Activity: Your whole reply should be the lines from the one that contains "Splendida ed elegante" through the last line of the listing, copied exactly.

============================================================

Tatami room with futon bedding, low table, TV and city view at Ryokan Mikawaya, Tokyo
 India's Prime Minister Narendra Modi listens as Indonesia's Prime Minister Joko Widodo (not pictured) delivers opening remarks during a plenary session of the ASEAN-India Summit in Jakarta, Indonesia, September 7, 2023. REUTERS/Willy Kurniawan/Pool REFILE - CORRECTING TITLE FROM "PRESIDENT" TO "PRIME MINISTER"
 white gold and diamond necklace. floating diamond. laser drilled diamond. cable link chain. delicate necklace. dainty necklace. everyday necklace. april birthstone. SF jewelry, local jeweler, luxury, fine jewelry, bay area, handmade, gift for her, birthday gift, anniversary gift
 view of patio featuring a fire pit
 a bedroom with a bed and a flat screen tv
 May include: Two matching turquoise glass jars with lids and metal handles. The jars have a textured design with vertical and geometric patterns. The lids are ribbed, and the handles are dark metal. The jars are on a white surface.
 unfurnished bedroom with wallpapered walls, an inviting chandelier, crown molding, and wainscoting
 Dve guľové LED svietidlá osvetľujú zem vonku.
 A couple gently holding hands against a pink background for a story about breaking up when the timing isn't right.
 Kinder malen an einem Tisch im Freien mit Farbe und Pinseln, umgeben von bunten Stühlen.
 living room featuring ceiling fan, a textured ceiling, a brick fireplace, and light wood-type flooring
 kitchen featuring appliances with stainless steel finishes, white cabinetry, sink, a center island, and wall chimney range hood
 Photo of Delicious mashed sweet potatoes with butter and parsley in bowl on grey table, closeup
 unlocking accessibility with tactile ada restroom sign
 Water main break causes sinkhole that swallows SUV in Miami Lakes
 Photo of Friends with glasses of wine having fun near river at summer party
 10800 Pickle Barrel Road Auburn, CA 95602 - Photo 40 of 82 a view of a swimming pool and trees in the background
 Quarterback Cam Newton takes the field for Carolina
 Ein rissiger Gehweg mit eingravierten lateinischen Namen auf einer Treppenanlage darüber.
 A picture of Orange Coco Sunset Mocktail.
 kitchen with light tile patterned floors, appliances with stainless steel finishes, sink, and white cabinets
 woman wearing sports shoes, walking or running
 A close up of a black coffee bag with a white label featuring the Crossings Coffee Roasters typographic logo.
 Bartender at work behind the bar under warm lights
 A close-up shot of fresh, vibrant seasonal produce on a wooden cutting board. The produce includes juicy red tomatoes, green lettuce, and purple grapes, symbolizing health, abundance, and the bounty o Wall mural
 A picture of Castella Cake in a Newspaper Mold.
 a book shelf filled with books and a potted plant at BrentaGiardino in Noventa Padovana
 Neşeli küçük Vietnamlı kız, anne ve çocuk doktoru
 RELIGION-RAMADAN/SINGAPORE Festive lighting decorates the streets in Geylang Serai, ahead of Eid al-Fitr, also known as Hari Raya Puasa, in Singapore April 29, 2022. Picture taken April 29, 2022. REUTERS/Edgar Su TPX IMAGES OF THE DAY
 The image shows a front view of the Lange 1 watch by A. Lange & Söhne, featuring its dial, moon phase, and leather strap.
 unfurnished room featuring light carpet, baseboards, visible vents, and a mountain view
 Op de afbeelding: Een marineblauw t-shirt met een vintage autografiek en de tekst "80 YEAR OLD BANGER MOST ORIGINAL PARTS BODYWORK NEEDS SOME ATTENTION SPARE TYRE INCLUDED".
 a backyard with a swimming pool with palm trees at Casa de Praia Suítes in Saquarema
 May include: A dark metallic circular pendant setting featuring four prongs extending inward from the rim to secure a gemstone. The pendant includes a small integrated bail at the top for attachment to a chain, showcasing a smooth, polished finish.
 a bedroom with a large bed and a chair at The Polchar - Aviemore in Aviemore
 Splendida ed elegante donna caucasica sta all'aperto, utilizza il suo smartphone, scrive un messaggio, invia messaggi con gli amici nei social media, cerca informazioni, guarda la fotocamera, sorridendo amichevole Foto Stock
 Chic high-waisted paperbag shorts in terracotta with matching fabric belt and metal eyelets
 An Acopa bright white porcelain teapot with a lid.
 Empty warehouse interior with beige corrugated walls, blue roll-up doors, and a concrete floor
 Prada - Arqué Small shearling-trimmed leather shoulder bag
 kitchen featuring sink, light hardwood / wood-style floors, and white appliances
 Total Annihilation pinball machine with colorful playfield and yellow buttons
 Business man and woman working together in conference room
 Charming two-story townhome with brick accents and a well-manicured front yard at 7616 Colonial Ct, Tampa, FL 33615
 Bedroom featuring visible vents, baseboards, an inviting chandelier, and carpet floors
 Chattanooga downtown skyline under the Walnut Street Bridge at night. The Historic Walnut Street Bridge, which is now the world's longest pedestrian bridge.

============================================================

Result:
 Splendida ed elegante donna caucasica sta all'aperto, utilizza il suo smartphone, scrive un messaggio, invia messaggi con gli amici nei social media, cerca informazioni, guarda la fotocamera, sorridendo amichevole Foto Stock
 Chic high-waisted paperbag shorts in terracotta with matching fabric belt and metal eyelets
 An Acopa bright white porcelain teapot with a lid.
 Empty warehouse interior with beige corrugated walls, blue roll-up doors, and a concrete floor
 Prada - Arqué Small shearling-trimmed leather shoulder bag
 kitchen featuring sink, light hardwood / wood-style floors, and white appliances
 Total Annihilation pinball machine with colorful playfield and yellow buttons
 Business man and woman working together in conference room
 Charming two-story townhome with brick accents and a well-manicured front yard at 7616 Colonial Ct, Tampa, FL 33615
 Bedroom featuring visible vents, baseboards, an inviting chandelier, and carpet floors
 Chattanooga downtown skyline under the Walnut Street Bridge at night. The Historic Walnut Street Bridge, which is now the world's longest pedestrian bridge.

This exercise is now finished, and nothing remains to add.